The MSCI Asia Pacific Index lost 0.6 percent at 12:07 p.m. in Tokyo. Standard & Poor’s 500 Index futures slid 0.2 percent after the gauge completed its biggest two-day increase in almost three weeks. The euro traded at $1.3044, near the weakest level in 11 months, the Aussie declined 0.3 percent and the won sank 0.7 percent. Crude traded near a one-week high in New York after U.S. supplies slumped by the most in a decade.

Asian stocks are heading for the biggest yearly loss since 2008 as Europe’s crisis weighed on global economic growth and liquidity. The ECB said yesterday 523 euro-area lenders took a record 489 billion euros ($638 billion) of funds, while Greece’s creditors are said to resist pressure from the International Monetary Fund to accept bigger losses on their holdings. Data today may show a gauge of consumer confidence improved in the U.S., while initial jobless claims climbed last week.

“We’re still at the beginning of the crisis and nowhere near towards the end,” said Keagan York, the Sydney-based head of foreign-exchange strategy at Compass Global Markets. “The ECB loans operation was only a temporary measure to get some liquidity back into the markets.”

More than two shares declined for every one that gained on MSCI’s Asia Pacific Index, which has dropped 18 percent this year. That compares with declines of 1.1 percent in the S&P 500 and a 14 percent drop in the Stoxx Europe 600 Index. Japan’s Nikkei 225 Stock Average retreated 0.6 percent today and Australia’s S&P/ASX 200 Index sank 1.1 percent. China’s Shanghai Composite Index slumped 1.2 percent, a fourth day of losses.

Tokio Marine, Advantest
Tokio Marine Holdings Inc. (8766) decreased 2.7 percent on concern Japan’s second-biggest casualty insurer may be paying too much to buy Delphi Financial Group Inc.
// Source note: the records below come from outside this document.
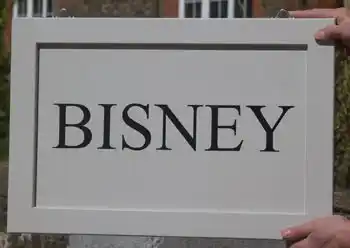 Purbeck Painted Wooden Sign Wood house sign painted in Farrow and Ball Purbeck Stone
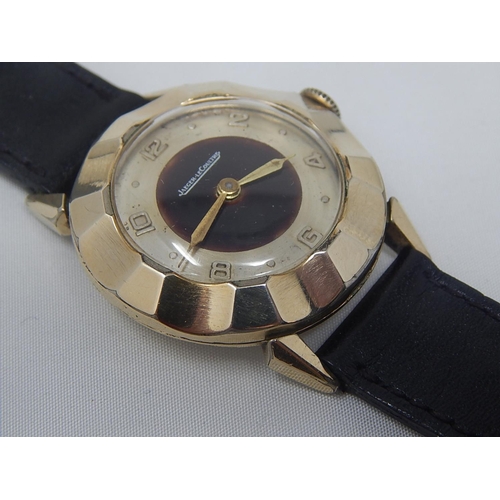 356 - Jaeger Le Coultre Vintage 10k Gold filled Manual Wind Wristwatch with Two Tone Dial on Black Leather... 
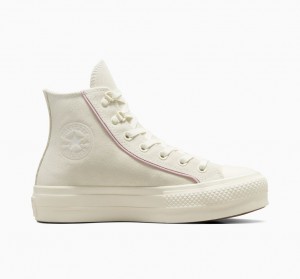 Converse Chuck Taylor All Star Lift Platformie Zamszowe Egret / Phantom Violet / Egret | 268510-RYG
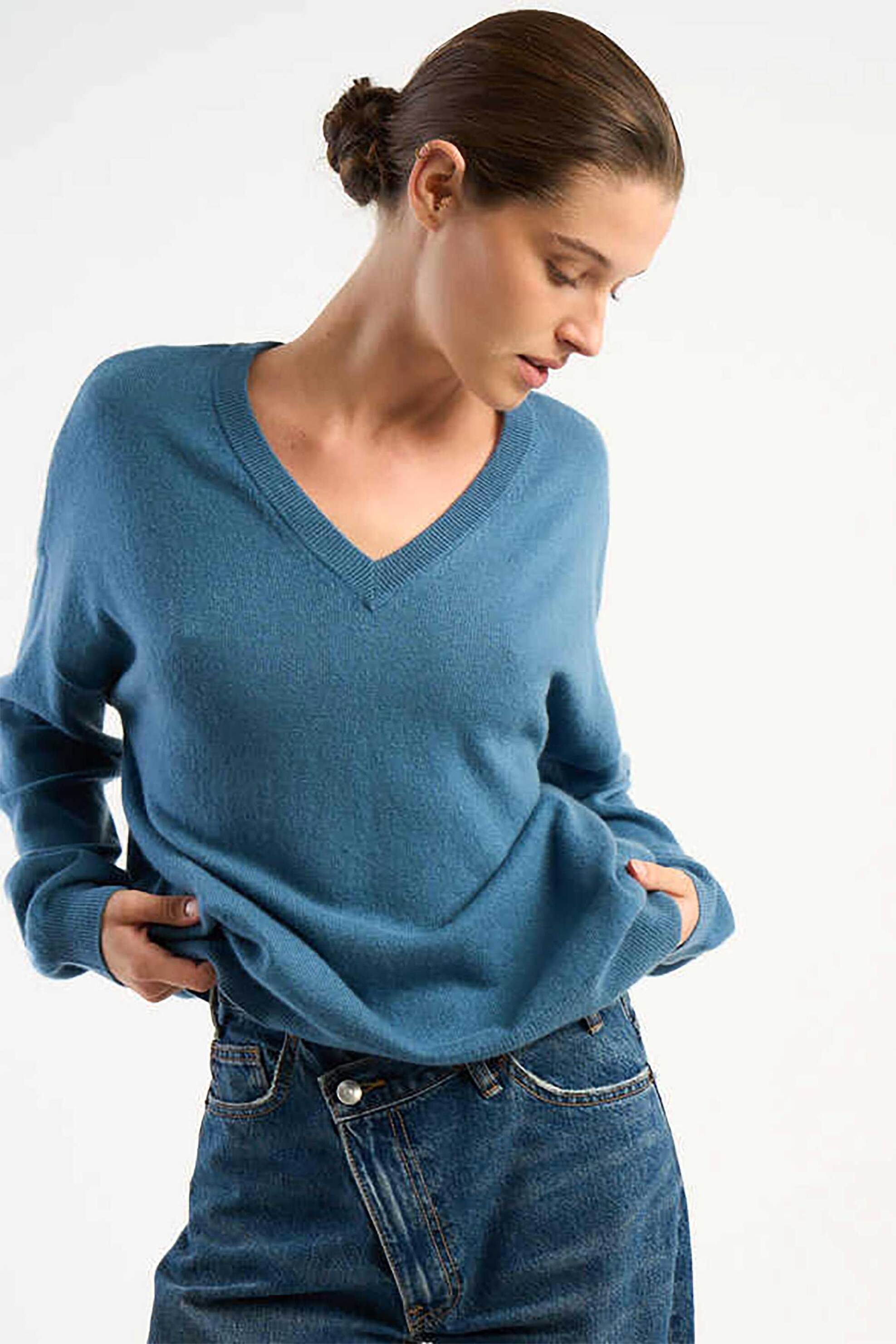 LES TRICOTS DE LEA Les Tricots De Lea γυναικεία πλεκτή μπλούζα από κασμίρι "Mapoupy" - 37025 Πετρόλ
Advantest Corp. (6857), the world’s biggest maker of memory-chip testers, sank 3.5 percent after JPMorgan Chase & Co. cut the stock’s rating to “underweight” from “neutral.”

S&P 500 futures expiring in March swung between gains and losses after a two-day, 3.2 percent advance in the U.S. stock gauge. Treasury 10-year yields were little changed at 1.96 percent. The Thomson Reuters/University of Michigan final index of consumer sentiment probably increased to 68 this month from a preliminary reading of 67.7 and from 64.1 at the end of November, according to the median estimate of economists in a Bloomberg News survey. That would be the strongest level in six months.

Separate surveys showed the number of applications for unemployment payments climbed to 380,000 in the week ended Dec. 17 from 366,000, while an index of leading indicators grew 0.3 percent in November, down from 0.9 percent previously.

‘Bearish’ on Euro
The euro maintained yesterday’s losses against the dollar after European banks took larger-than-forecast loans from the central bank. The borrowings equal about 63 percent of the European bank debt maturing in 2012, according to Goldman Sachs Group Inc.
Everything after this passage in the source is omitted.